Goal of the exercise
Taking only the lines of the data below from the line with "ARTLAND Küchenrückwand Glas" to the line with "有机煎茶 YAMAMOTOYAMA Organic", ends included, write them out exactly and without pictures.

Supplied material
*** Block opens ***
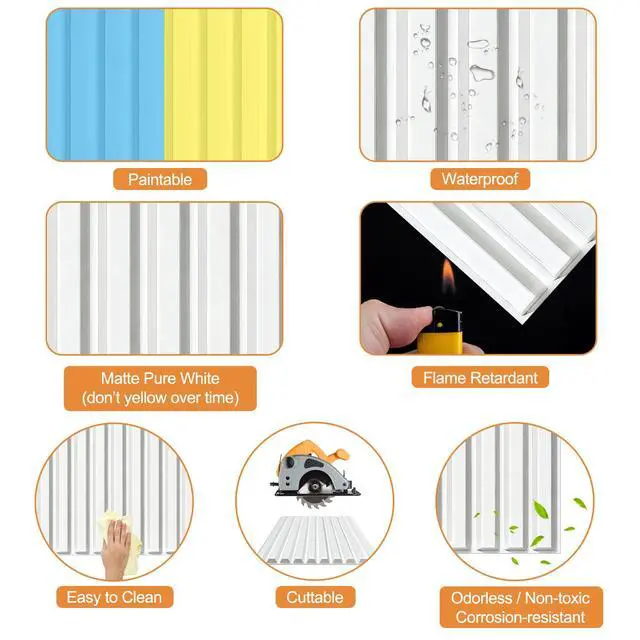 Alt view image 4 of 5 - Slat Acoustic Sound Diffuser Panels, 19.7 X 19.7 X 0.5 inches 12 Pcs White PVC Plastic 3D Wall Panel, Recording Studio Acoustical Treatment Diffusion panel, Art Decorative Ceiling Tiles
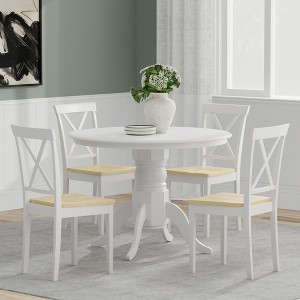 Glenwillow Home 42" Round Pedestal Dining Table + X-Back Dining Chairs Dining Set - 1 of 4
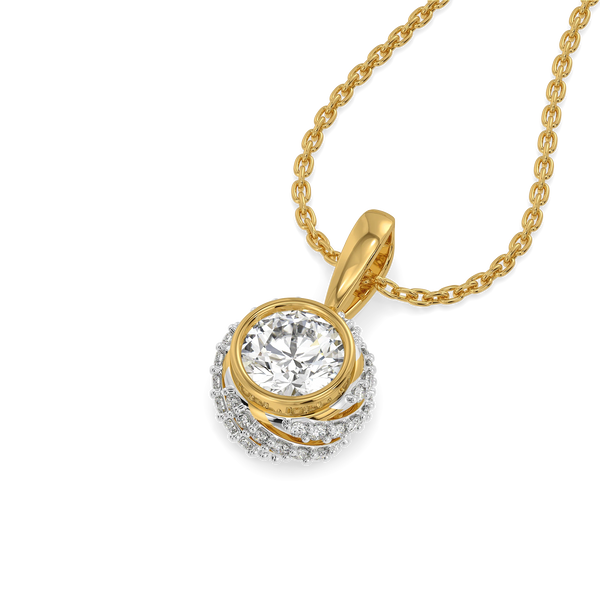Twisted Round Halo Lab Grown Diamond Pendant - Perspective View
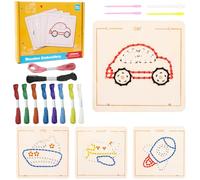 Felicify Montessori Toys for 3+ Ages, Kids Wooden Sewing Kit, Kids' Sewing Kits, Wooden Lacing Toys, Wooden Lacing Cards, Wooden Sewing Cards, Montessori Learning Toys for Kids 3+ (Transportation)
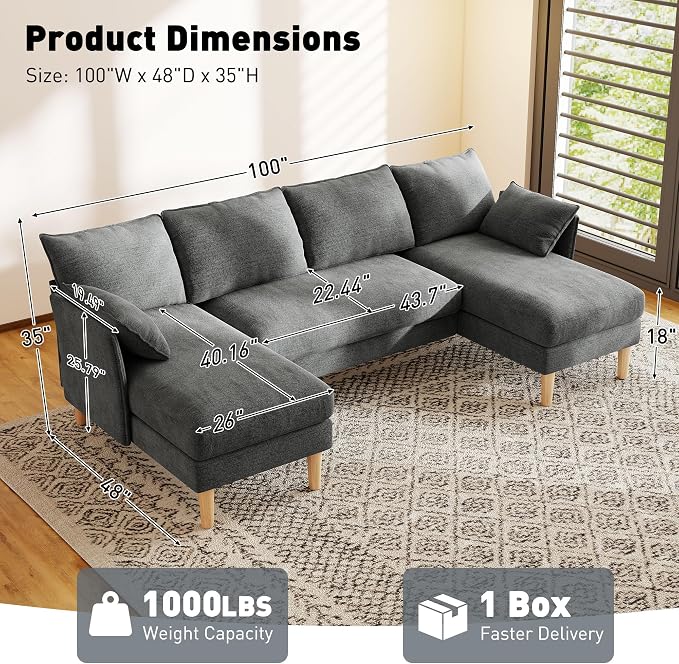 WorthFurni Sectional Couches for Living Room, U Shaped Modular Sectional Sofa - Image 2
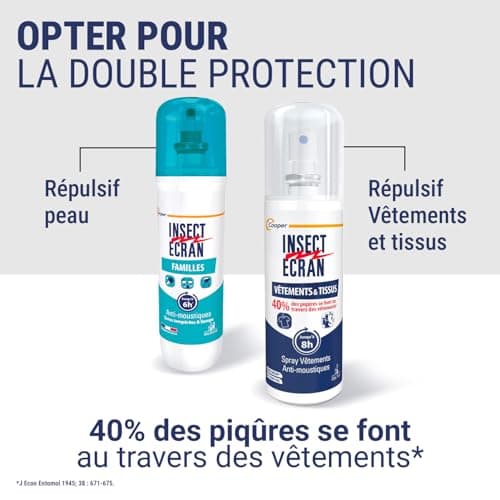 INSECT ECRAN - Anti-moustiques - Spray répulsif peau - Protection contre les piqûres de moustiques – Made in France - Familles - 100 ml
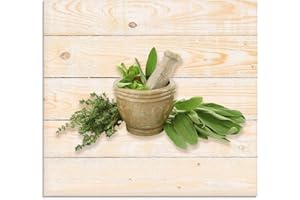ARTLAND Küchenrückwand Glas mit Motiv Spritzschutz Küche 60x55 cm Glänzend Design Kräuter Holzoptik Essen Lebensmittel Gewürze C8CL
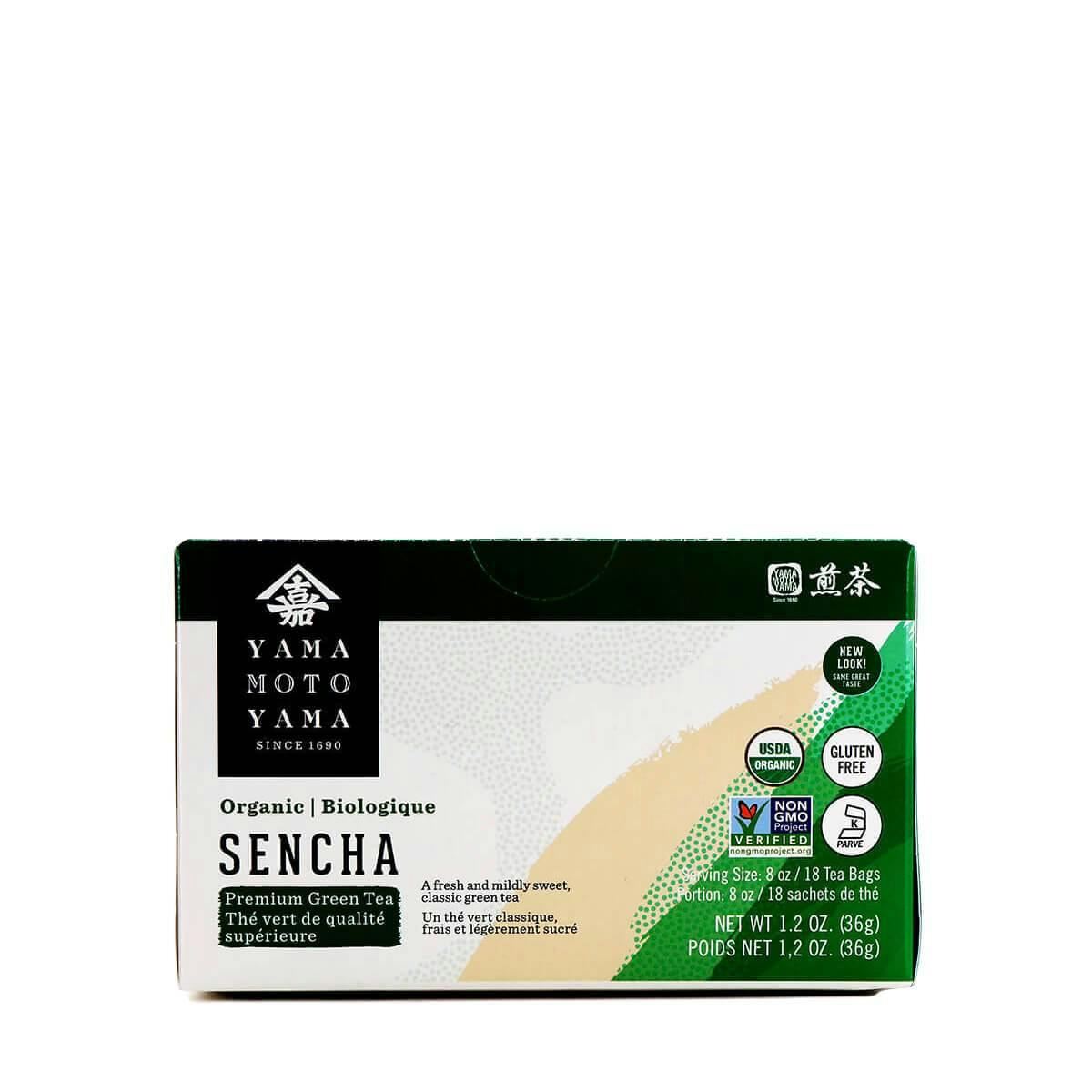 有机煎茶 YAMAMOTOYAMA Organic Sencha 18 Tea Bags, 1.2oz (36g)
*** Block closes ***
*** Block opens ***
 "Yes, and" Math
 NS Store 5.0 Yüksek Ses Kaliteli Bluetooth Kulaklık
*** Block closes ***
*** Block opens ***
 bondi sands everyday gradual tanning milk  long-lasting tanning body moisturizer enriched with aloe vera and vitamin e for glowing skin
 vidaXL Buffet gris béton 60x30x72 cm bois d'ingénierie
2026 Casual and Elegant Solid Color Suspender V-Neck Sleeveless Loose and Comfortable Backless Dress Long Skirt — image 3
*** Block closes ***
Response box
ARTLAND Küchenrückwand Glas mit Motiv Spritzschutz Küche 60x55 cm Glänzend Design Kräuter Holzoptik Essen Lebensmittel Gewürze C8CL
 有机煎茶 YAMAMOTOYAMA Organic Sencha 18 Tea Bags, 1.2oz (36g)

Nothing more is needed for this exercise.